Council Members: Water Buyers Should Share City’s Rationing Pain
Because Houston has restricted use by its own residents, neighboring cities that buy Houston water ought to consider how they use it, some City Council members say.
Houston has limited lawn watering within the city limits to twice a week since August. The Chronicle reported Sunday that there are no such limits on residents of neighboring communities whose city halls or water agencies resell water purchased from Houston.
“When somebody doesn’t conserve, it greatly affects another community” during a drought, said Councilwoman Sue Lovell, a member of the city’s Water Resource Management Committee. “I think we also must at least push the communities that we sell water to conserve water.”
The city’s Public Works and Engineering Department sent a letter to various cities and districts in September asking them to “look for opportunities to reduce water consumption and pursue comparable conservation efforts” to Houston’s restrictions.
Nonetheless, in Pearland, Bellaire, Baytown and other municipalities, water authorities and utility districts continue to resell Houston water without mandatory restrictions.
Lake drawn down
One way Houston has responded to the drought is by drawing water from Lake Conroe. The resulting sunken water level has caused some complaints that business is hurt because of fewer visitors or even physical lack of access to restaurants that can be approached only by boat.

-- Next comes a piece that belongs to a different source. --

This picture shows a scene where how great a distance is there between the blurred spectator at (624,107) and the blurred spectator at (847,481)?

Any conservation that would slow the drawdown of the lake would help the community around it, said Stew Darsey, president of the Greater Conroe/Lake Conroe Area Chamber of Commerce. However, he said he has no problem with Houston not asking its customer cities to cut back.
“Houston’s short of water for a lot of reasons,” said Darsey, but he does not figure that other cities’ profligacy is one of them. “Houston’s short of water because they have water leaking.”
At one point last summer, the city’s Public Works and Engineering Department had a backlog of more than 1,000 water main breaks, causing the loss of millions of gallons a day, a point Clear Brook City Municipal Utility District general manager Chris Clark seized on.
“Look, you’ve got a thousand leaks, and that is a far greater problem than your constituents using water in a silly manner,” said Clark, whose agency serves 23,000 people.
Houston cannot demand that its customer cities restrict water use. In most cases, the water sales are covered by decades-long contracts that govern the terms of the sales. In addition, imposing restrictions could be complicated because many customer cities do not rely exclusively on Houston water.
Councilwoman Melissa Noriega, also a member of the water committee, said the area’s cities ought to conserve water in the spirit of regional cooperation, regardless of contractual obligations.
“What the letter of the law is might not be the same thing as the right thing to do,” she said. “We’re all in this together. If we use all the water, we’re all in the same boat, with or without a place to float it.”
Councilman Mike Sullivan, who chairs the water committee, previously said he intends to have the committee take up the matter in January.